Thursday, September 23, 2004

Wow. It's been a long time. Way too long.

So many news items, so much going on. So I'll skip them all.

The beauty of music is hard to describe. It's there, you know? It makes you want to dance, sometimes. Even a 5 year old who "doesn't like music" (like mine) can want to dance. Sometimes. If it's the right song, you know? Anyway, the world seems like a more beautiful place than usual lately. It seems like the world is huge. And it seems like I'm small and unimportant and going to die. And that that is scary but at the same time sort of OK.

I read an interview in the Onion with Stephen Fry, who is someone I admire a lot: a novelist, playwright, actor, and now the writer and director of a movie. He's really very good as an actor, and I have very much liked the novels of his I've read, too. They definitely cross lines that are not supposed to be crossed, and they do so joyfully. Whether they're brilliant literature, well, whatever, maybe not. Anyway, in the interview he said that Darwinism is the biggest change to thinking, one of them, in the history of the world. And I had heard that before, and I knew that, but it made me think of it afresh. Darwin really made people think about the world as being potentially a really mean, nasty awful place. All progress comes via death. What does Fry say? He says,

what was shocking about it was that it said "all life is struggle." It's necessary for our survival that someone is going to suffer at our expense. With most animals, there are runts who are discarded, and nature just tries again in its merciless, relentless, remorseless way. The discovery of that was profoundly shattering....

Not much of a paragraph, actually just a few sentences, to have sparked so much in my head. Maybe it wasn't that much in my head. It sure seemed like it was, though. I'm just out of practice in the deep thoughts department, what with being in real estate now and all that.

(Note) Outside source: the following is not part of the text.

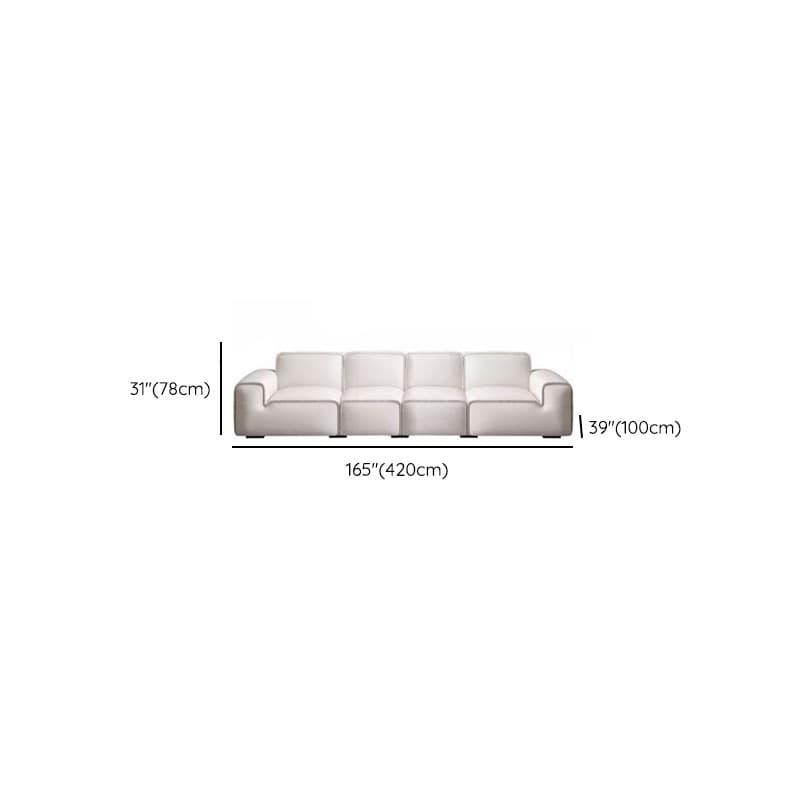 Midnight Black/White Standard Sofa/Loveseat with Armrest for Drawing Room - image 20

We're just people, you know? We're not masters of all we survey. We have a hard time even being "masters of our domain," let alone the world. The people who think they can rule everything and have everything figured out -- whether they call themselves "political realists" or "neocons" or "Wilsonian democrats" or "Islamic jihadists" -- mostly what they manage to do is get a lot of people killed for their ideas. Not that there aren't ideas worth dying for. And not that ideas aren't important. What was I saying?

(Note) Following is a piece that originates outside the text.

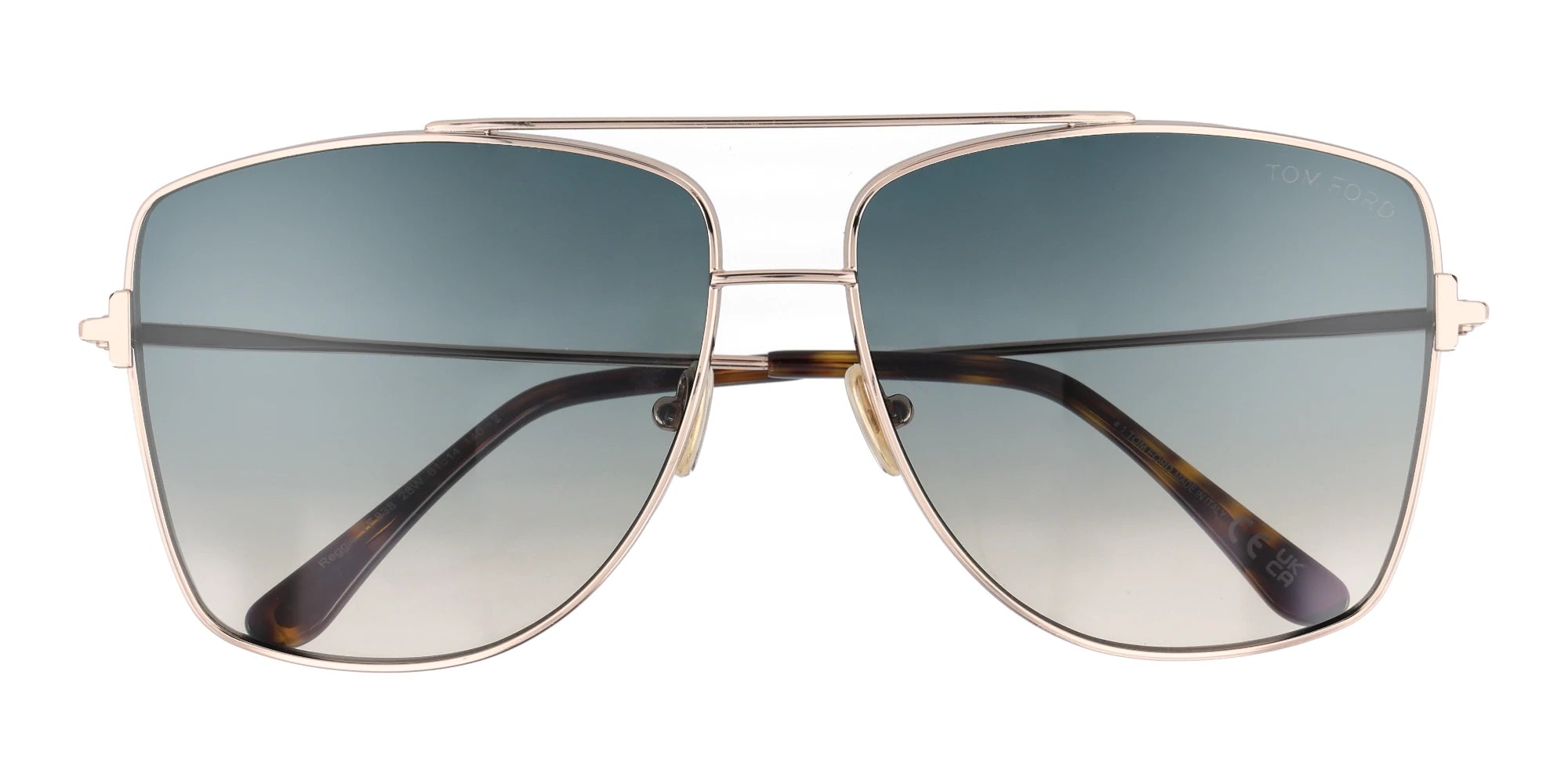 TomFord FT0838 REGGIE-Gold With Blue Lenses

I was saying this, I think: chutzpah kills. That's a bumper sticker for you. Sometimes chutzpah kills the chutzpah-er, but mostly it gets other people killed. A little modesty about one's ability to understand and control the world is a damned good idea.

Maybe political realists would agree with what I'm saying. But I think I'm saying it almost from a more John Howard Yoder type of viewpoint. Yoder was a Christian pacifist. He had a lot of arguments against war. His book "Nevertheless" addresses pretty much every pro-war a person can make, and tries to show how all of them are problematic or false in their own way. I don't know if Yoder says this, but this is my "Nevertheless" to the save-the-worlders: We do not know enough, and we do not control enough, to make things come out right with war. War only gets people killed. And most of the people who get killed didn't have anything to say about whether the war was a good idea or not. Almost all of the people who had anything to say about whether the war was a good idea or not -- those people are still alive. They won't get within a zillion miles of risking their lives.

I want to post more about this, and link it to something I wrote a while back about animal testing. I'll do that soon, and link in the thing that I wrote then. But right now I have to go to a movie.